Pictures with short captions

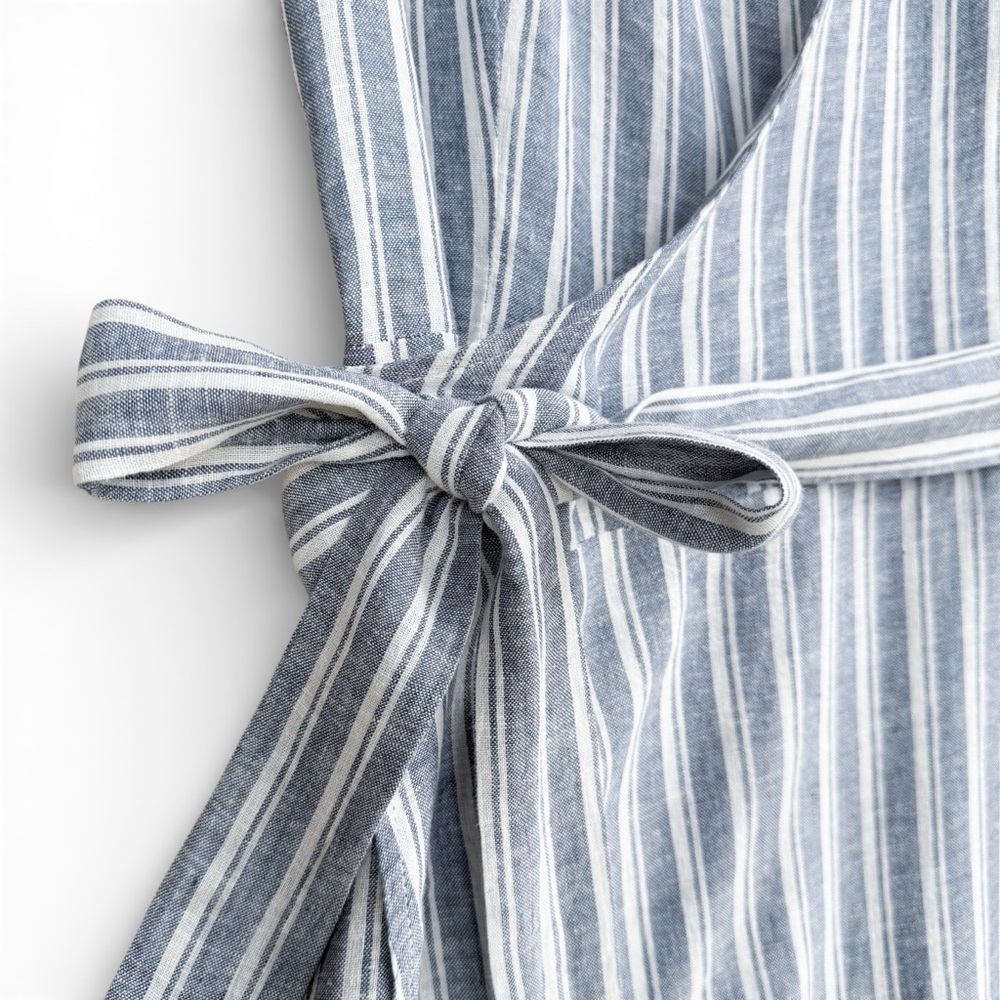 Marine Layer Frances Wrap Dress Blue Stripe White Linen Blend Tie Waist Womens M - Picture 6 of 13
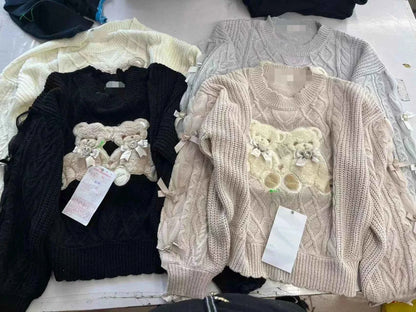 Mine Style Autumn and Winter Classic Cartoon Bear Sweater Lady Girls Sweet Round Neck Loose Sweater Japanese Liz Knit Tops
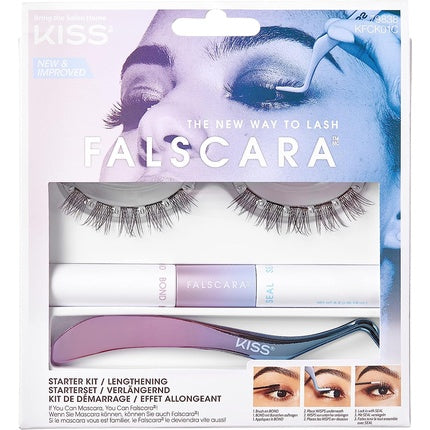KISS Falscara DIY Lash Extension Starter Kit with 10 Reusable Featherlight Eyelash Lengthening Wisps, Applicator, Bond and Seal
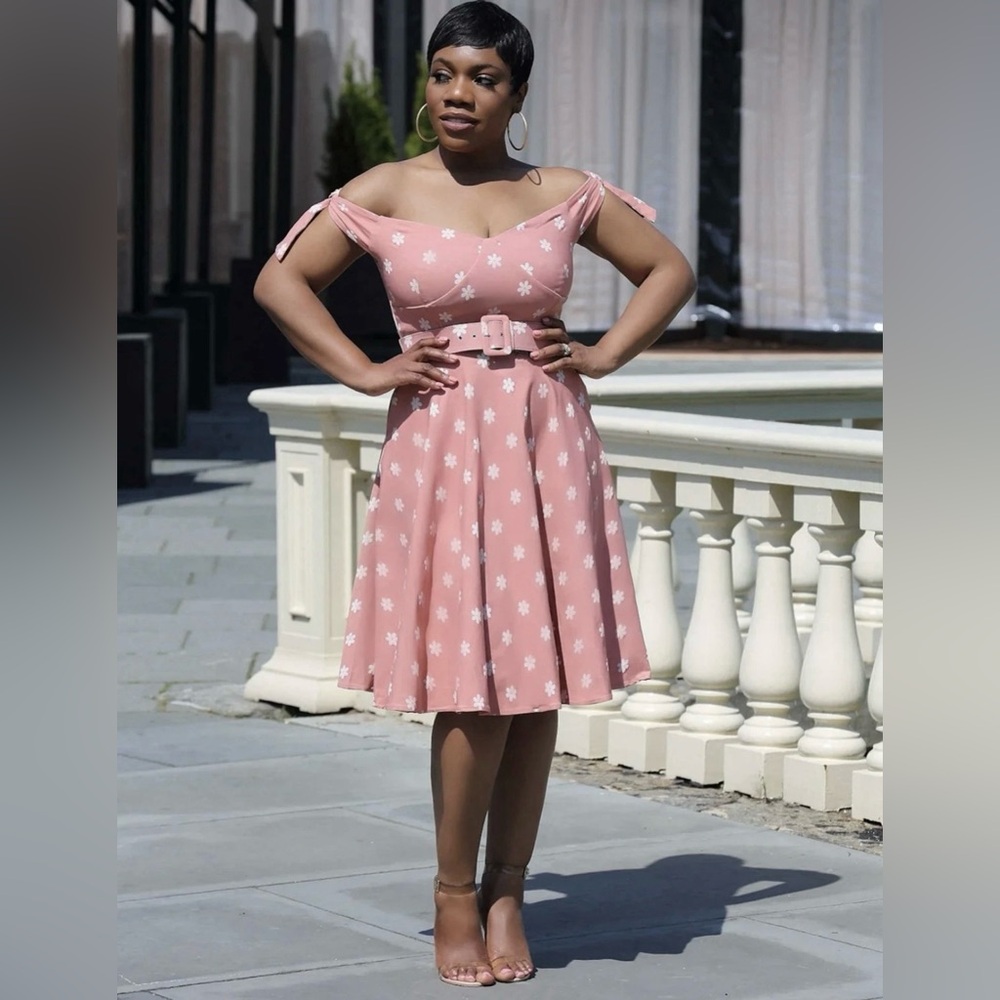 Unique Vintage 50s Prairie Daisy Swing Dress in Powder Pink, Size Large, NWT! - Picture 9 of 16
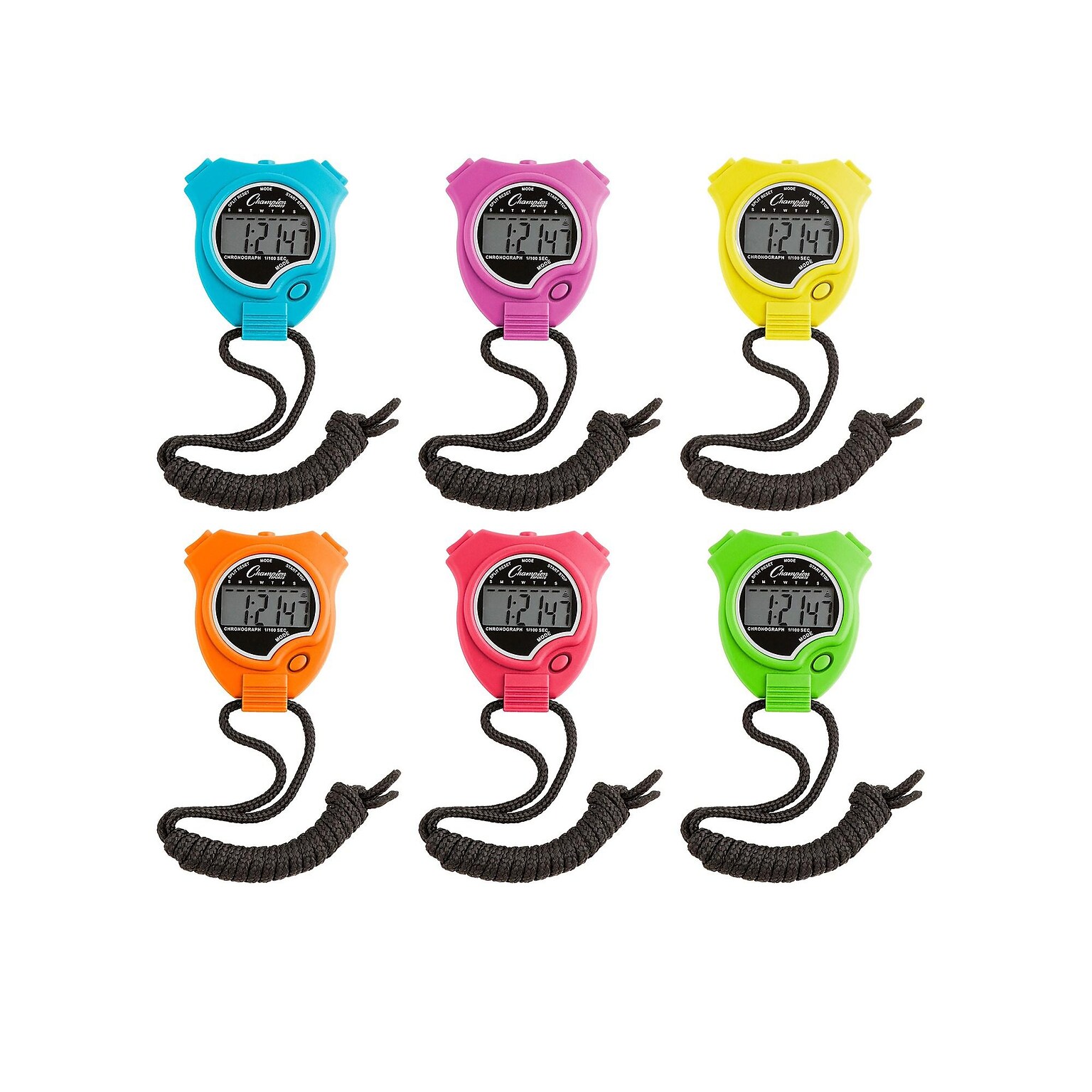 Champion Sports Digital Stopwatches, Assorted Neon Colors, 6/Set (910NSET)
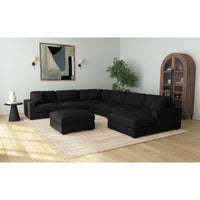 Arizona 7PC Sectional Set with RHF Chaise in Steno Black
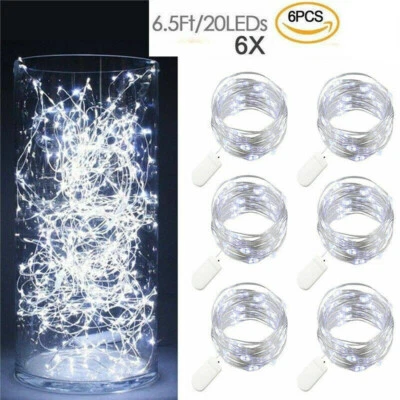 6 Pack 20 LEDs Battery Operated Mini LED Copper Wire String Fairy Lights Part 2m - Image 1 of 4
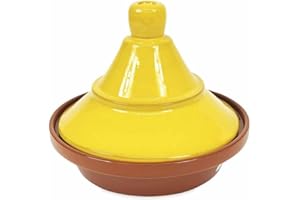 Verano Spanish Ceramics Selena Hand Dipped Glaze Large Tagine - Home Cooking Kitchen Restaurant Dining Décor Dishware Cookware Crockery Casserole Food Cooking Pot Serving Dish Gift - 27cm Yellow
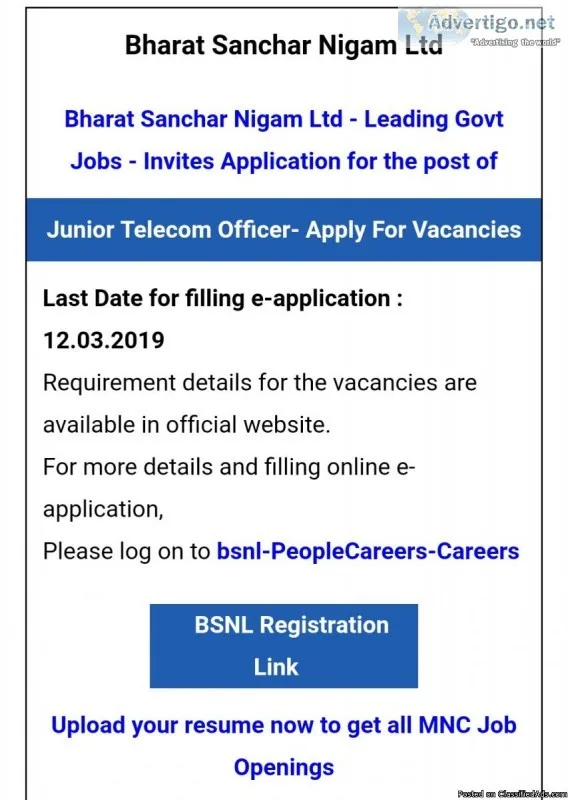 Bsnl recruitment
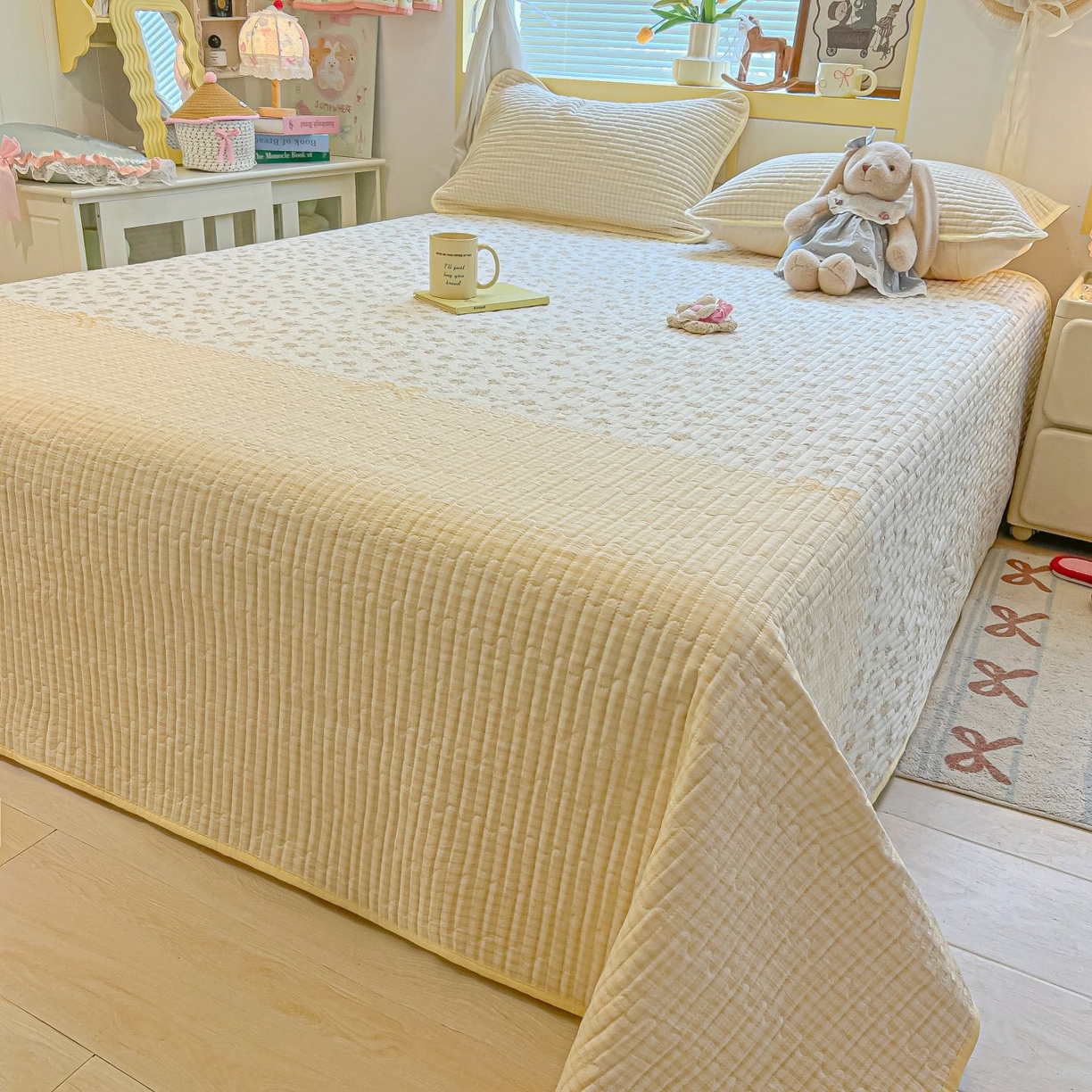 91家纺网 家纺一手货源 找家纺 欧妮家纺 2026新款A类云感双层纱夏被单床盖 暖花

WHAT IS REQUIRED:
Would you transcribe the lines above exactly, going from the line bearing "KISS Falscara DIY" through the line bearing "Unique Vintage 50s", and drop the pictures from the copy?

COMPLETED EXERCISE:
KISS Falscara DIY Lash Extension Starter Kit with 10 Reusable Featherlight Eyelash Lengthening Wisps, Applicator, Bond and Seal
 Unique Vintage 50s Prairie Daisy Swing Dress in Powder Pink, Size Large, NWT! - Picture 9 of 16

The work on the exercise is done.